◆ THE INPUT:
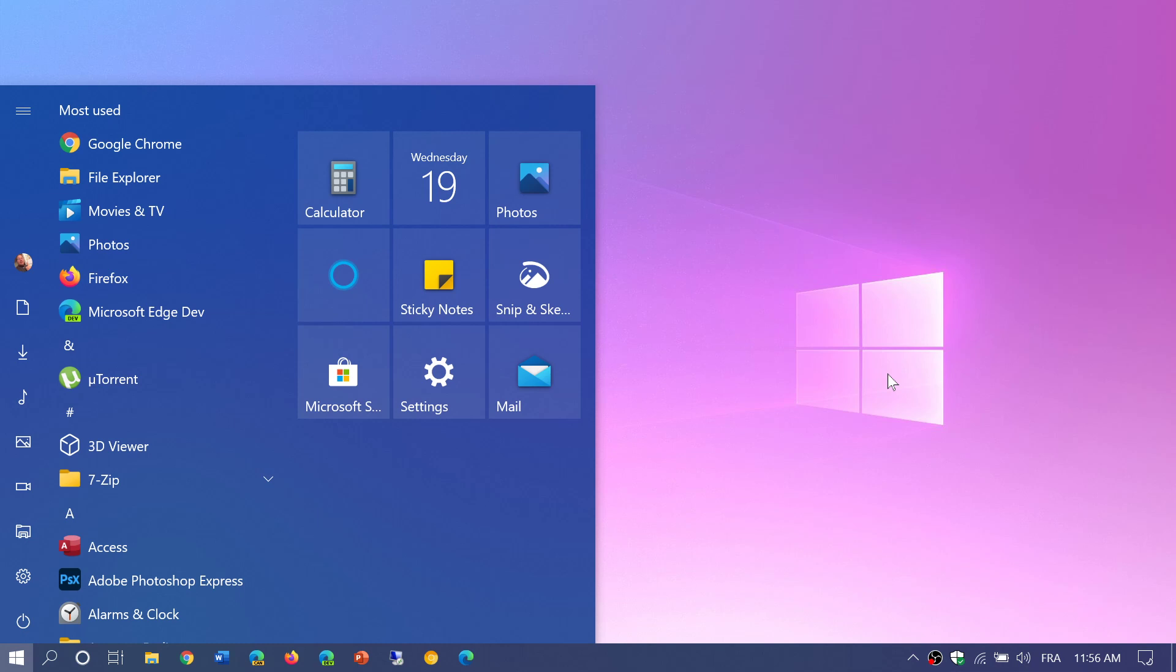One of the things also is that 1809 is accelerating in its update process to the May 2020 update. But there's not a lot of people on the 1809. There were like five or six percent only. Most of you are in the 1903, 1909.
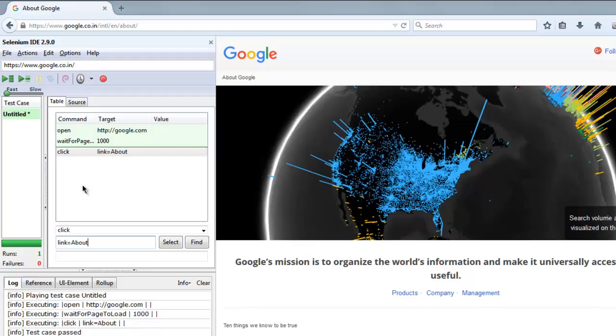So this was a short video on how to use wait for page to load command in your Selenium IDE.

---

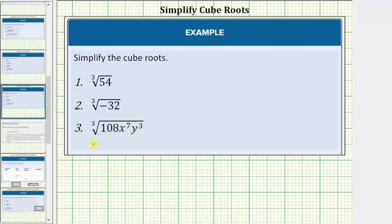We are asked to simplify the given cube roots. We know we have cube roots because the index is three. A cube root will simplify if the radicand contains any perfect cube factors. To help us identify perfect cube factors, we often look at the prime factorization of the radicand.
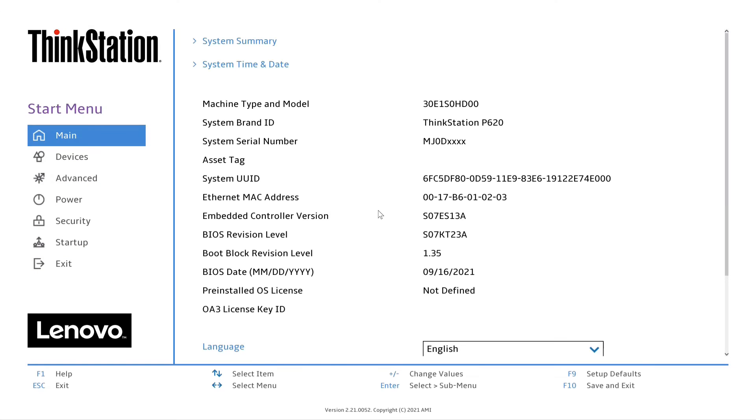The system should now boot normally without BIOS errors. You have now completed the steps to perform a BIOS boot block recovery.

◆ EXERCISE GOAL:
Within these entries, output exactly the lines starting at the one with "We are asked" and finishing at the one with "The system should". Leave pictures out of the output.

◆ SOLVED EXERCISE:
We are asked to simplify the given cube roots. We know we have cube roots because the index is three. A cube root will simplify if the radicand contains any perfect cube factors. To help us identify perfect cube factors, we often look at the prime factorization of the radicand.
The system should now boot normally without BIOS errors. You have now completed the steps to perform a BIOS boot block recovery.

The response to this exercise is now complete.